Calculate l _upand l _ihow much complementary, use variance

represent:

σ_{up, i} = \sqrt{\frac{1}{m} Σ_{p = 0}^{m - 1} {((v_{up, p} + v_{i, p}) - \overset{&OverBar;}{V (l_{up} + l_{i})})}^{2}} - - - (2);

Will

and OT _iafter normalization, calculate weighted value D _i:

D _i＝sOT _i+(1-s)σ _up,i (3)；

Wherein s is for controlling parameter, 0≤s≤1;

\overset{&OverBar;}{V (l_{down} + l_{k})} = \frac{1}{m} Σ_{p = 0}^{m - 1} (v_{down, p} + v_{k, p}) - - - (4);

σ_{down, k} = \sqrt{\frac{1}{m} Σ_{p = 0}^{m - 1} {((v_{down, p} + v_{k, p}) - \overset{&OverBar;}{V (l_{down} + l_{k})})}^{2}} - - - (5);

By σ _{down, k}and OT _kafter normalization, calculate weighted value D _k:

D _k＝sOT _k+(1-s)σ _down,k (6)；

Wherein s is for controlling parameter, 0≤s≤1;

3. the theme method for visualizing of Chinese document collection as claimed in claim 2, is characterized in that, described control parameter s=0.3.
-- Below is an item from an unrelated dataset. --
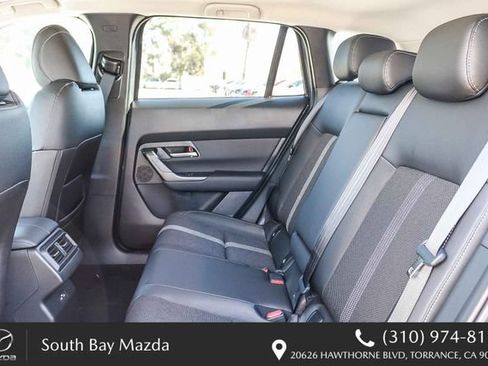New 2026 MAZDA CX-50 2.5 Hybrid w/ Cargo Package AWD/4WD image 11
4. the theme method for visualizing of Chinese document collection as claimed in claim 1, is characterized in that, the step of described generating character cloud, comprises

obtain decile time point t _start+ p Δ t, wherein, p=1,2 ..., m-2;

and curve

and line segment

the closed space forming;

3.1 use line segments

the each point of Pointcut N, obtains subregion R _j,papproximate polygon;

3.2 establish subregion R _j,peach summit of approximate polygon in the y coordinate figure on that summit of y coordinate maximum be y _max;

If the y coordinate figure on that summit of y coordinate minimum is y in each summit of polygon _min;

L_{j, p} = {r_{c} (i) = \overset{&OverBar;}{s_{c} (i) e_{c} (i)}, y_{\min} \leq c \leq y_{\max}, 0 < i \leq M};

3.5 repeating steps 3.4, until by W _j,pin keyword all place;

5. the theme method for visualizing of Chinese document collection as claimed in claim 1, is characterized in that, also comprises the step that generates detailed word cloud, comprises

Step 1: select to express theme l _jthe keyword set of content;

Step 6: upgrade after the coordinate of position along spiral path, repeating step 4, step 5, until find the position pcoordinate or the radius of spin that satisfy condition to be greater than 100; When the radius of spin is greater than 100, keyword will be rejected; Step 7: place this keyword in position coordinate (word.x, word.y), and the discrete region that this keyword is taken turns to conflict point, add in conflict point set P;

6. the theme method for visualizing of Chinese document collection as claimed in claim 5, is characterized in that, described expression theme l _jthe keyword set of content be theme l _jany one keyword subset W _j,p.

7. the theme method for visualizing of Chinese document collection as claimed in claim 5, is characterized in that, described expression theme l _jthe keyword set of content, by following steps, obtained:

Step 1, merges theme l _jall keyword subset W _j,p, p=1,2 ..., m-1;

Step 2: calculate the weight of all keywords in the set after merging, the weight of described keyword is the number of times that this keyword occurs in all keyword subsets.